Portrait of a Lady on Fire review: Simply ravishing from start to finish

David Sexton28 February 2020

The “male gaze” was a term originated by the writer and film-maker Laura Mulvey back in 1975 to characterise the objectifying masculine perspective at work in many movies: in the way they’re shot, the way they’re acted and the way they’re watched.

This clever formulation has since inspired much feminist theory and practice — and indeed the director of Portrait of a Lady on Fire. Céline Sciamma has been talking about deconstructing the male gaze in interviews about this much-garlanded film in a way that makes it sound as though it might be, shall we say, a bit over-determined for immediate enjoyment.

Nothing could be further from the truth. Portrait of a Lady on Fire is simply ravishing from start to finish, an absolute treat. Still not for you? It’s for anyone who has a heart.
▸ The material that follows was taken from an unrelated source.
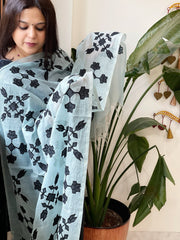 Blue Applique handwork Dupatta in Mul Chanderi - Masakalee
It is 1770. Marianne (Noémie Merlant) has been commissioned to paint a portrait of a young noblewoman, Héloïse (Adèle Haenel), intended for the inspection of a prospective husband in Italy. Only recently out of a convent, not at all wanting to be married off, Héloïse angrily refuses to sit for this picture and has already seen off one male would-be portraitist. So Marianne travels to the remote island off the coast of Brittany, where Héloïse lives with her mother, in the guise of a companion for her, so as to be able to observe her closely enough to paint her portrait surreptitiously.
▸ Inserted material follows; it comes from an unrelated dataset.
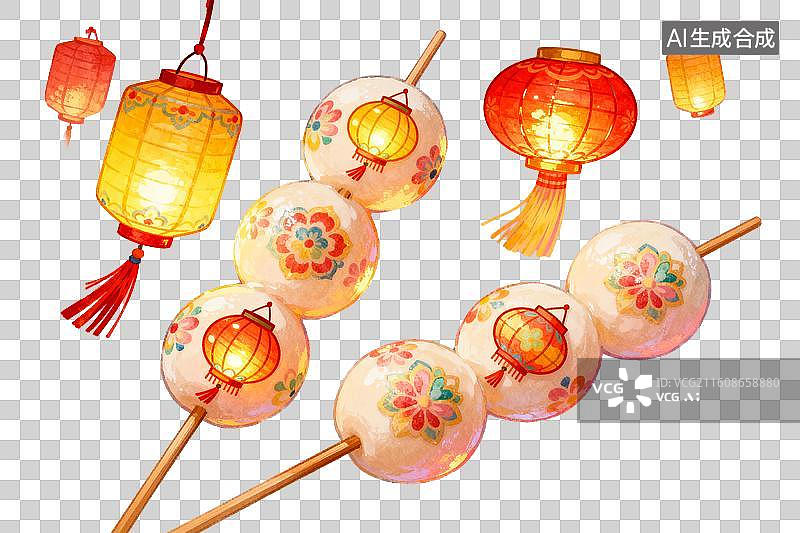【AI数字艺术】传统灯笼与花球串装饰组合图片素材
The first picture Marianne produces is rejected as lifeless by Héloïse when Marianne reveals it to her, but by then the relationship between them has become intense — and Héloïse surprisingly agrees to pose after all… This is such a great plot (concept even) for a film looking at the way women might look at each other, secretly and openly, aggressively or lovingly — and Sciamma, whose previous films have all been contemporary coming of age dramas, has shaped it so beautifully, with such economy of means.

The life of this film lies in the changing looks between Marianne and Héloïse, beginning with Marianne’s precise, intimate, stealthy observation of every detail of Héloïse’s being for the purposes of her painting, met at first by Héloïse’s hard, even insolent stare back at her, ultimately modulating into the unmistakeable look of love growing between them both.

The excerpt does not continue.